As so often, any company’s ability to succeed internationally largely depends on the degree to which they empathize with the needs of the local users. Take Beijing for a example, with 22M citizens it’s among the world’s ten most congested cities (8 Chinese cities in the top 20). From 2002 to 2017, in just 15 years, the number of cars quadrupled (!) from 1.5M to 6M, leading to a wide range of regulations (limited supply of vehicle licenses, exorbitant prices, long wait times, certain days you are not allowed to drive, etc.).
During their war with Uber China, Didi had launched a total of six or seven different services, ranging from carpooling and car rental to inter-city buses – all services that were addressing the actual transportation needs of the Chinese beyond just ride-sharing and thus giving them a perceived and actual edge. Even Didi’s name was empathetic towards the commuting pain that locals felt: in Mandarin it means “beep beep,” like a honking car (note: it also means “little brother”).
Now the truth is that there were other factors at play like for example that Didi was a homegrown company. For Uber, burning $2B in China was a big deal, yet for Didi (and for their investors TenCent and Alibaba), spending $2B to win at home was nothing. For Uber, China was a big opportunity, for Didi it was life or death.
In the end, Didi beat Uber China, and acquired their China business in exchange for $1B and a stake of 17.7%. Since then, Didi has grown to 400M registered users and 4M drivers, and delivers 25M rides a day in 400+ Chinese cities – roughly TWICE as many as Uber and all the other global sharing apps COMBINED. The acquisition further cemented Didi as the planet’s most valuable startup (for now), with a $56B valuation, speeding past Uber, whose most recent round saw its worth fall to just $48B.

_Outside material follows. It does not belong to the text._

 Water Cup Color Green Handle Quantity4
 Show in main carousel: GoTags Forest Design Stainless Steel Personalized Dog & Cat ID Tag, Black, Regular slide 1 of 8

Despite Uber’s stake in Didi, the two companies are in a fierce battle on global stage. Didi’s recent acquisition of 99 Taxis in Latin America was a provocation of Uber whose two largest markets are Mexico City and São Paulo. While still loss-making in China, Didi is poised to enter this battle with about $20B raised (more money than any VC-backed startup ever) and cash reserves of $12B.
A personal anecdote: our meeting with Uber China started with their off-the-shelf “from bits to atoms” PR story, and then ended with a picture of four women in miniskirts advertising open roles on their team. What actually did arouse us (non-sexually) was seeing CEO Travis continuously run back and forth hectically. About 18 months later, during my interview with Ofo, its co-founder asked me how Ofo can be successful outside of China, to which I responded with a lot of the aforementioned empathy points while also trashing Uber China. Clearly I had not done my homework, because he was actually an ex-Uber China employee and considered the “rising star” of the organization. He still hired me and we both found out later that he was actually supposed to host us at Uber China that day, but that Travis was in town and had pulled him into meetings.